I have a lot of hunting ahaead of me this year and I have the opportunity to do alot of it out of my pack, I have a ton of experience with military external frame packs ( 1/506th inf scout sniper/team RTO) but absolutly no experience with internal frame packs. am I missing out on anything? I know I can carry 100lbs + with a good external frame but would a good internal frame be just as capable with more comfort? any seggestions on brands? The only thing I know for sure is that I can go to smith and edwards and get a surplus pack and frame for under 100 bucks or less, but my shoulders would hurt after the first 10 miles or so but I can drive on and suck it up, however I wonder if the civilian market has something better.. more comfortable??


----------



## Gumbo (Sep 22, 2007)

After reading the first half of your post I thought, 'No brainer. You're accustomed to an external frame, so stick with what you're comfortable with. I know Jansport still makes external-frame packs that some big-name climbers use.
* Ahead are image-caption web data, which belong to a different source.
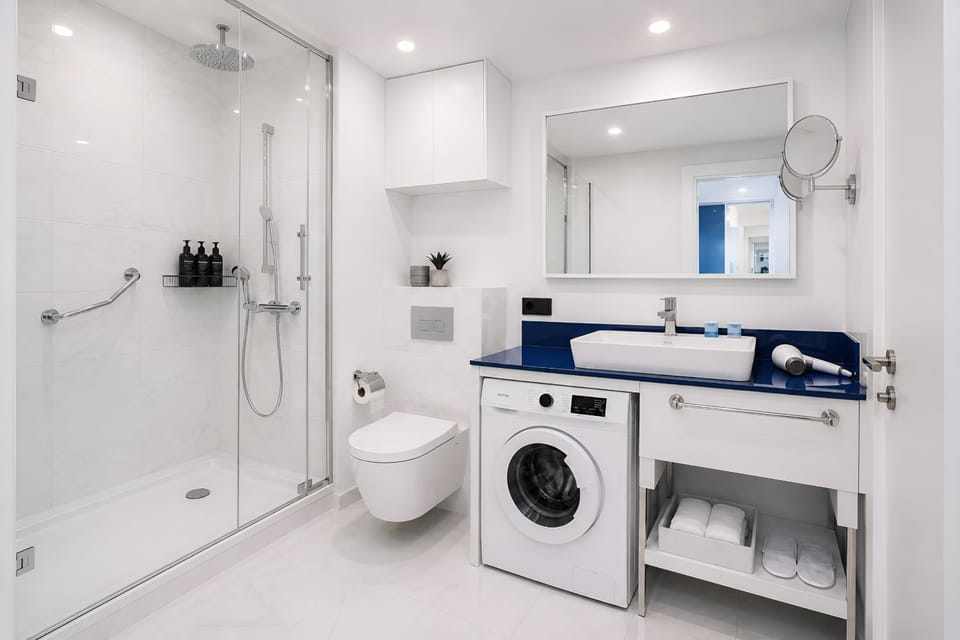 Shower, Bathroom, towels, washing machine, dryer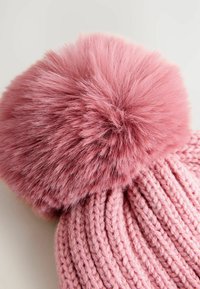 Bonnet rose tricoté avec une texture côtelée horizontale, featuring un grand pompon en fausse fourrure rose et duveteux sur le dessus.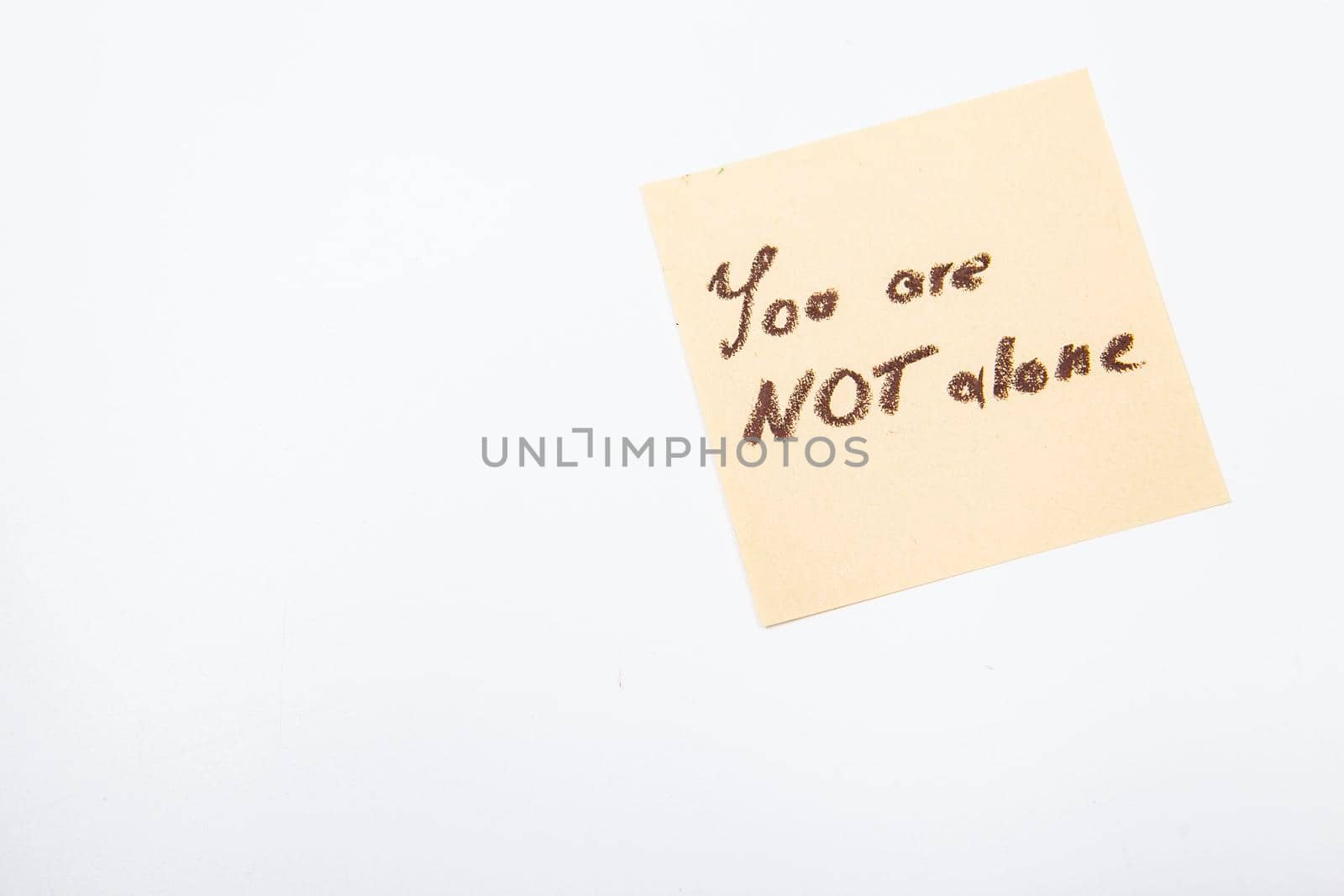 You are not alone inspirational note on yellow sticker memo
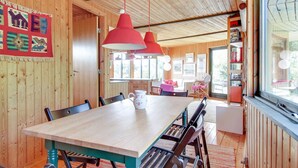 Un interno in legno con un tavolo da pranzo, sedie e lampade a sospensione.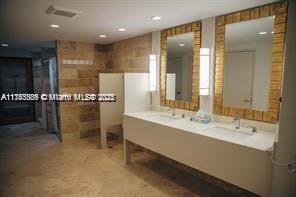 bathroom featuring vanity and tile walls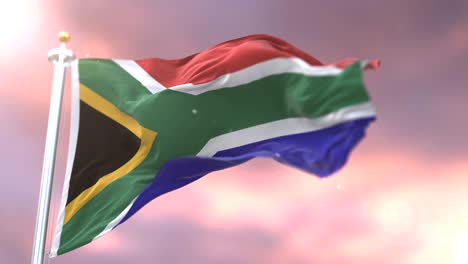 la bandera de sudáfrica ondeando en el viento lentamente al atardecer, bucle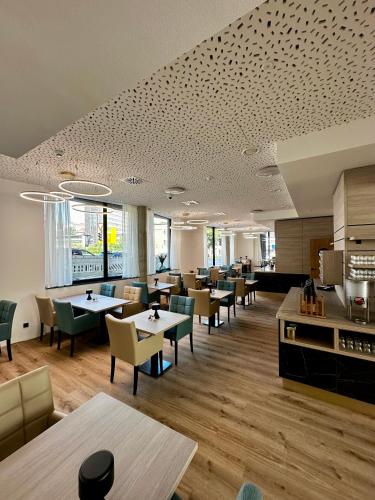 a restaurant with tables and chairs and a cafeteria at Central Hotel in Flensburg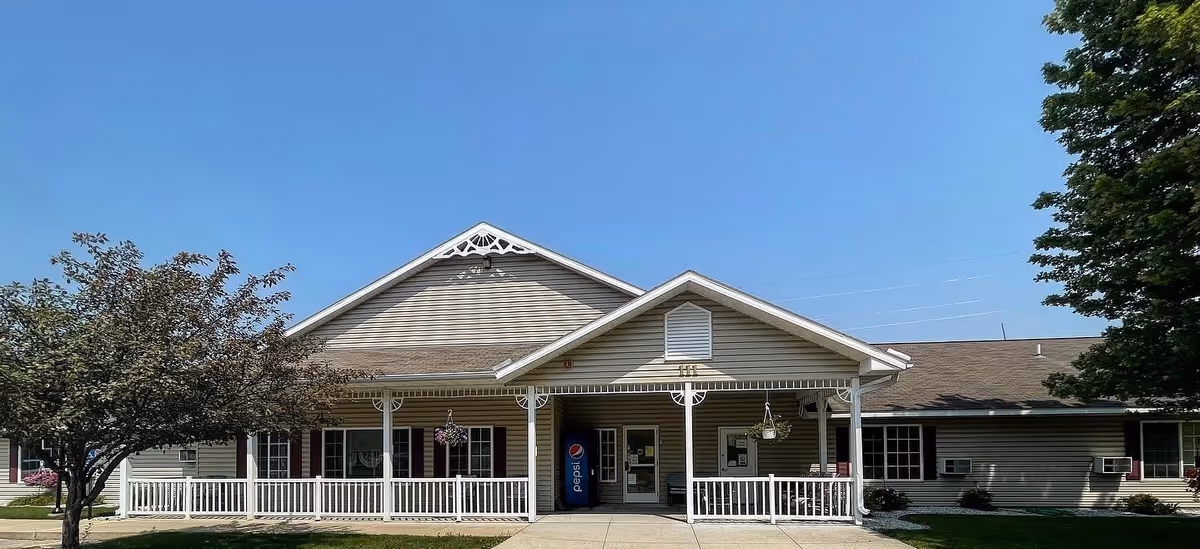 Single-story facility building with a covered front porch, white railing, peaked roof and a Pepsi vending machine at the entrance under a clear blue sky.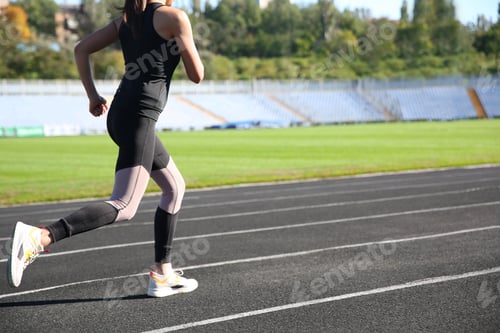 Preview: Sporty woman running at stadium on sunny morning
Then I read the last part where it doesn't sound like you're happy with the external frame pack. My experience is with an internal-frame pack. I've carried it all day for weeks at a time, and have carried 100+ pounds at up to about 20,000'. And despite it being knee-crunching heavy, it still carries comfortably.

My pack of choice is a mountaineering pack made by the same company that makes the Badlands packs. They used to have an outlet at their office in SLC where you could try them on and load them up with weight to see how they feel loaded. Maybe they still do. I'd search their office and give them a call.

Good luck.


----------



## Dekashika (Oct 23, 2007)

Hi Rooster,

If you are looking for a comfortable internal frame pack, that can carry a big load, I would consider a Kifaru pack. You will be amazed at the difference in comfort in comparison to an external. They are a bit pricey however. 
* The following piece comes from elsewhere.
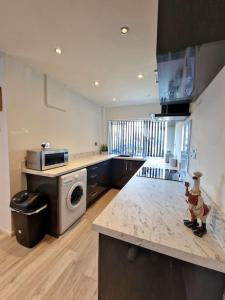 a kitchen with a counter top with a dishwasher at Stunning Gem detached with drive in High Hazels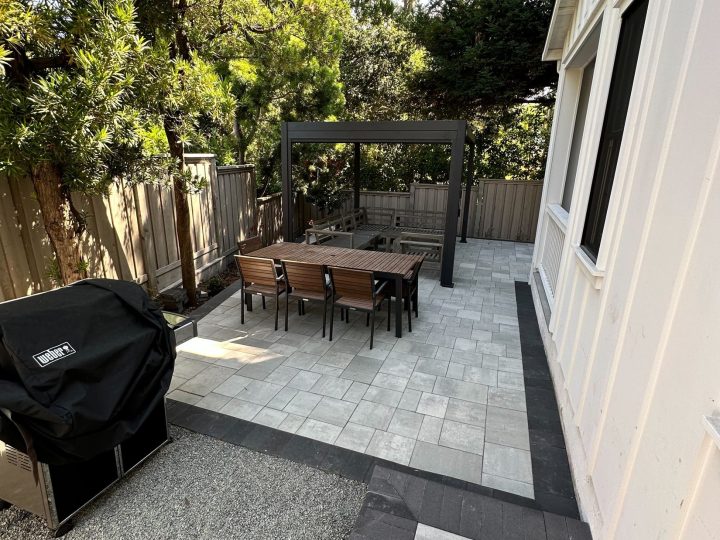 Freestanding pergola with lounge seating beyond a dining area on a Menlo Park paver patio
If you are looking for something a bit more affordable then Eberlestock makes some very good comfortable internal packs, built for the hunter. 
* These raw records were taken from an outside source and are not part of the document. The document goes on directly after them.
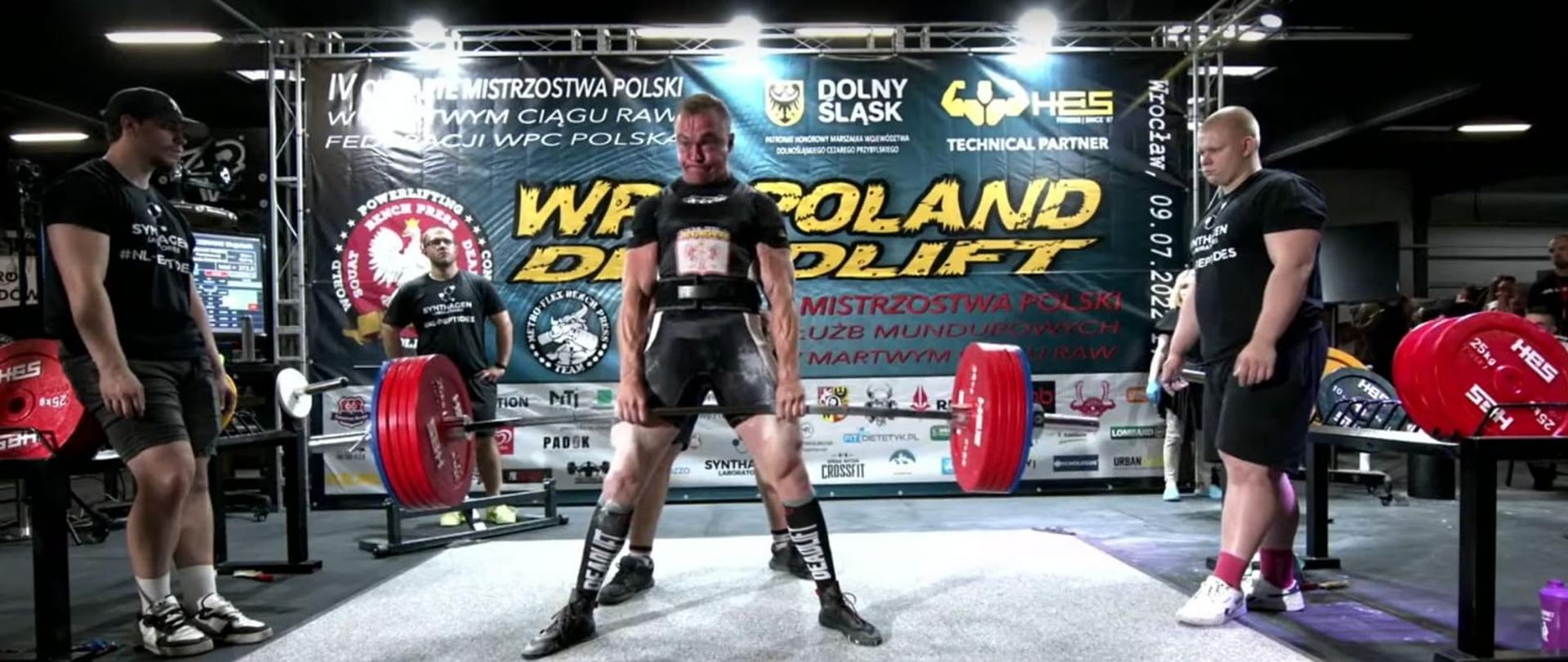 strażak podnosi ciężar w asyście dwóch mężczyzn 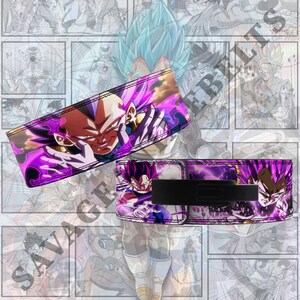 May include: Two weightlifting wrist wraps with a striking design of a character with purple hair and a determined expression. The wraps are mainly purple with black detailing and a black strap.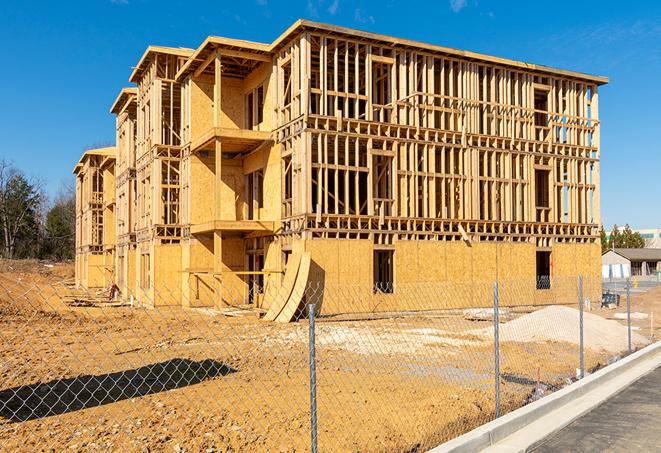 a close-up of temporary chain link fences enclosing a construction site, signaling progress in the project's development in Antioch, TN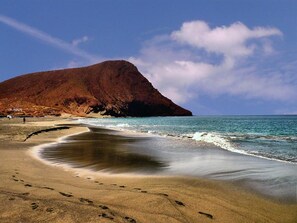 A beach with a large hill in the background and footprints leading into the water. - Chalet Ocean – Ocean view, pool, direct access to the ocean (CN)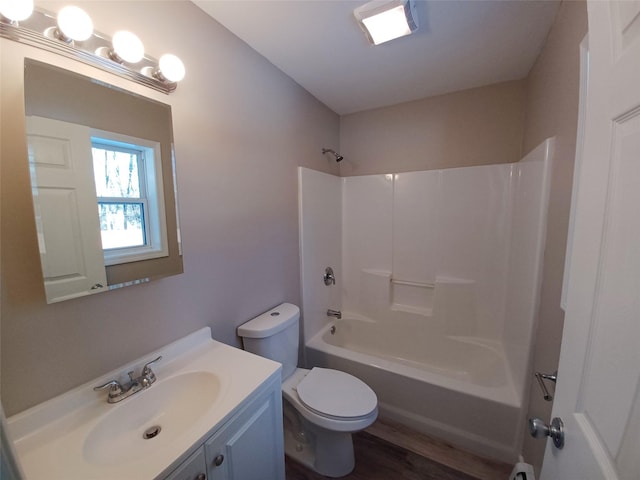 full bathroom featuring shower / tub combination, hardwood / wood-style floors, vanity, and toilet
You wont beat the price of a surplus frame at Smith and Edwards, but you will find a huge difference in comfort with either of these internal packs mentioned.

Good luck.


----------



## JERRY (Sep 30, 2007)

If you are going to be carrying 100 pounds there is no pack that is going to save your body. Some brands may be more comfortable than others.

Internal to external: I have experience with both, and it depends on what you are packing. If you are hauling out meat from an animal an external is great. 

My rule is light is right. The less you have to carry the more energy you have for hunting, and covering more terrain. A lot of your bigger internals can run 6 to 8 pounds with nothing in them.

If you are looking for a large capacity internal? I have a North Face I would sell you for $150.00. PM me if you would like details. Good luck and happy hunting.


----------



## stablebuck (Nov 22, 2007)

badlands 2200...order it thru basinarcheryshop.com...free hydration bladder included...free shipping...


----------